(What the exercise asks):
Take the line that contains "hudl.com/v/2CXKZu" and each one after it through the last line below, and retype them exactly. Leave out the pictures.

========

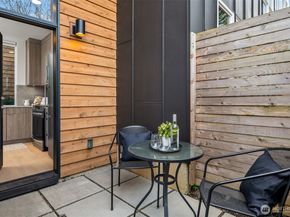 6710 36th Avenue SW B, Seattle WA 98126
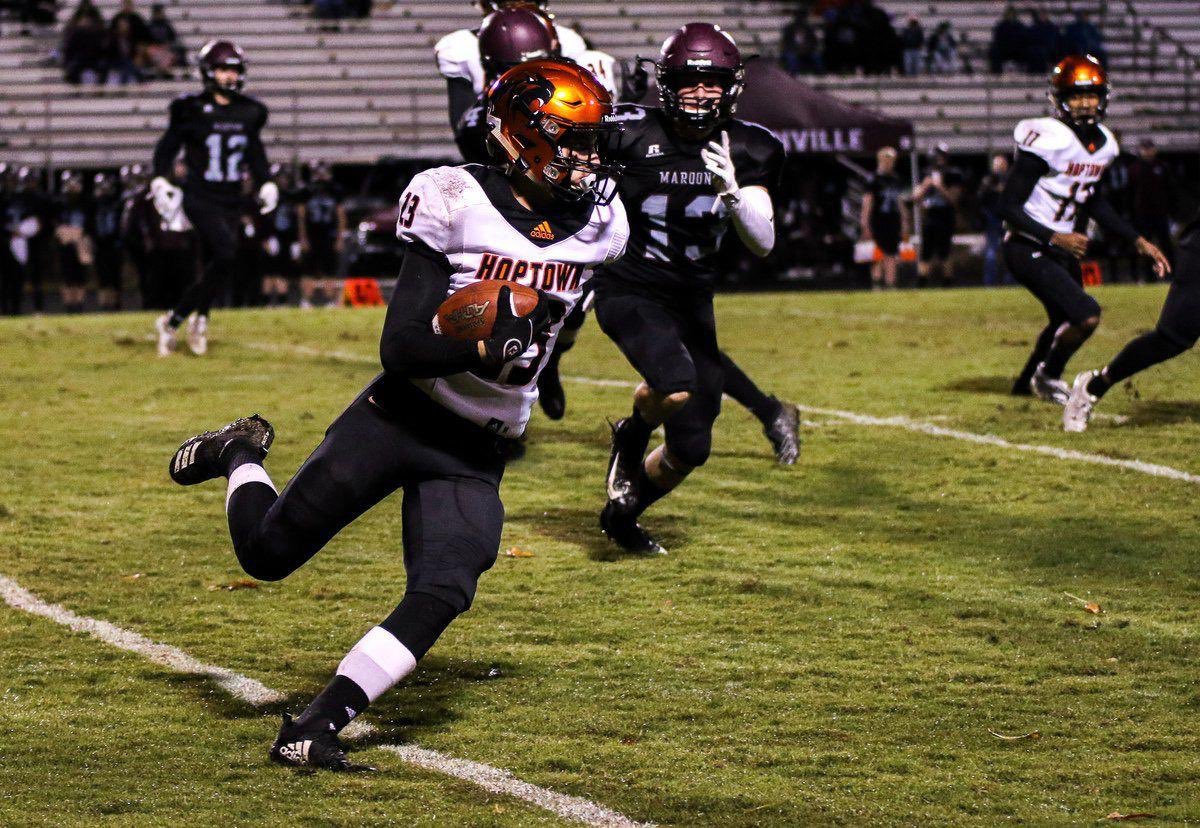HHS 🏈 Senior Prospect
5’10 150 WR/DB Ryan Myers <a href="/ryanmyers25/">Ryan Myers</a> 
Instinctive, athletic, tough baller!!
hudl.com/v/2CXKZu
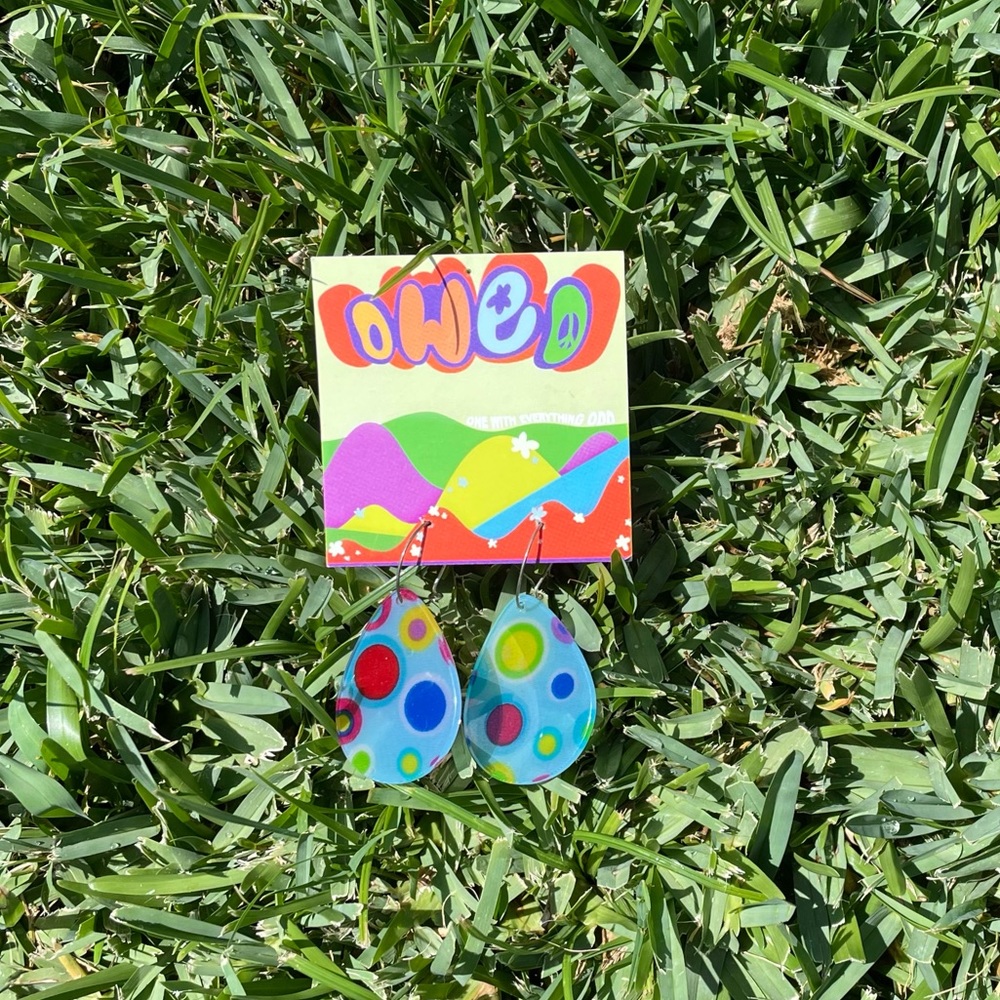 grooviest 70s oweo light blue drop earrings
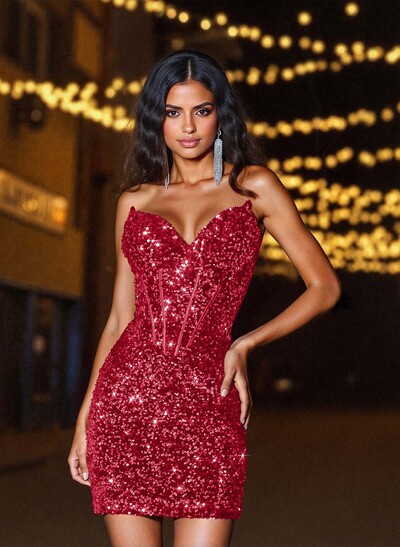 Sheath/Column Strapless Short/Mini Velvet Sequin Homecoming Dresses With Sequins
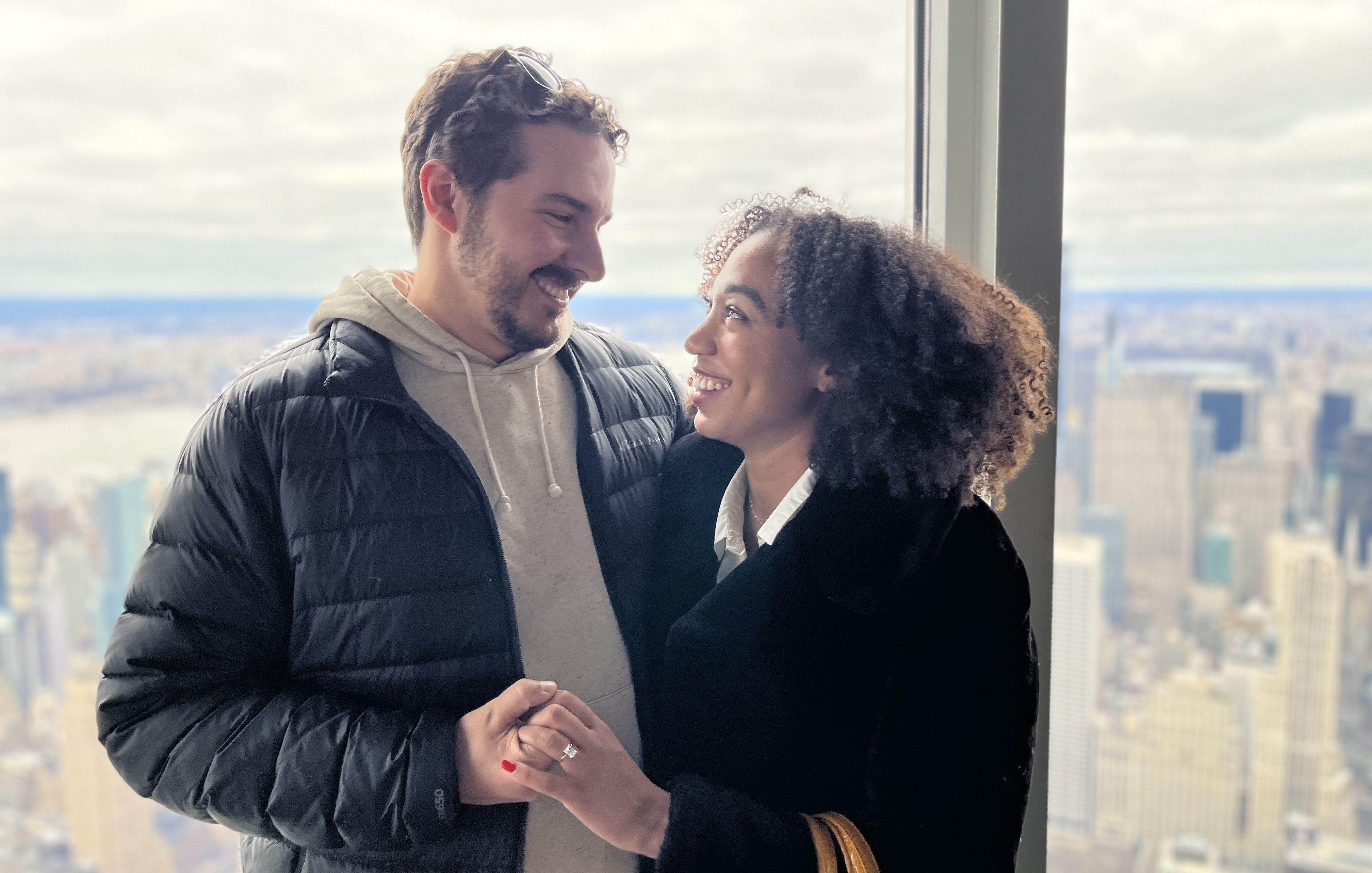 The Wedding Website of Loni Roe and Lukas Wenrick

========

(Written response):
hudl.com/v/2CXKZu
 grooviest 70s oweo light blue drop earrings
 Sheath/Column Strapless Short/Mini Velvet Sequin Homecoming Dresses With Sequins
 The Wedding Website of Loni Roe and Lukas Wenrick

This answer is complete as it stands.